Referring to Europe’s reliance on Russian oil and gas, Farage says:
“I suspect the pound’s in the same boat – I mean, look what’s going on in economics and global politics. It’s all about work and energy. The intelligent countries decided they’d be self-sufficient. But now there’s ‘follow the goddess Greta Thunberg’.
“They’ve decided ‘we won’t produce our own energy because that wouldn’t allow us to get to net zero. We’ll just bite off that nice Mr Putin’. So, I suspect that those currency moves are going to continue.”
Households themselves are part of the problem
A significant difference between the UK and Australia is that gas is the most common fuel used for heating, while those who are off the gas grid use fuels such as oil to heat their homes.
Regardless of where the energy comes from, one of the other big issues facing UK households is that many of them are far from energy efficient.

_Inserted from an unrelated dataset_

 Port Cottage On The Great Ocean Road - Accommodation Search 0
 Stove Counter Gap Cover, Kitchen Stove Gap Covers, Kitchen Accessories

Mike Thornton, chief executive of the UK’s Energy Saving Trust, pointed that out in his response to Liz Truss’s recent announcement:
“The scale of the emergency measures announced today serves to further highlight the depth and breadth of the energy crisis,” Thornton said.
“We welcome the resolve to take immediate action to reduce costs and increase energy security for both the short and long term, whilst remaining committed to net zero carbon emissions by 2050.
“We also still need to see greater and more urgent investment in the roll out of energy efficiency measures across UK homes. A commitment that was notably absent from this announcement and is the fastest way to permanently reduce energy demand, cut costs and slash emissions whilst keeping people warm and safe. It must be made a much higher priority,” he added.
All for renewables
The Energy Saving Trust, like many others, comes from the opposite philosophical direction to Farage.
“We welcome the promised acceleration in deployment of renewable energy to help increase security of supply,” Thornton said.
“However, our continued over reliance on fossil fuels is the catalyst for high costs, energy insecurity and a warming planet. The commitment to further fossil fuel extraction is therefore concerning and a step in the wrong direction, it is not the solution to the problems we face.”
So, it seems that there’s only one thing that everyone agrees on: security of supply is crucial. Being self-sufficient, rather than relying on an ever-more-volatile global marketplace seems like a good place to start.
The good news is that Australian policymakers are closely monitoring the UK situation. They view the UK as a test case or a guinea pig we can learn from.
Australia has the advantage of being able to learn the lessons of the UK without paying the heavy price of these learnings. The transition to a better, greener-energy future was bound to involve some pain, but if we can benefit from watching what happens elsewhere while avoiding some of what they have to endure, the pain for Australians will be minimised.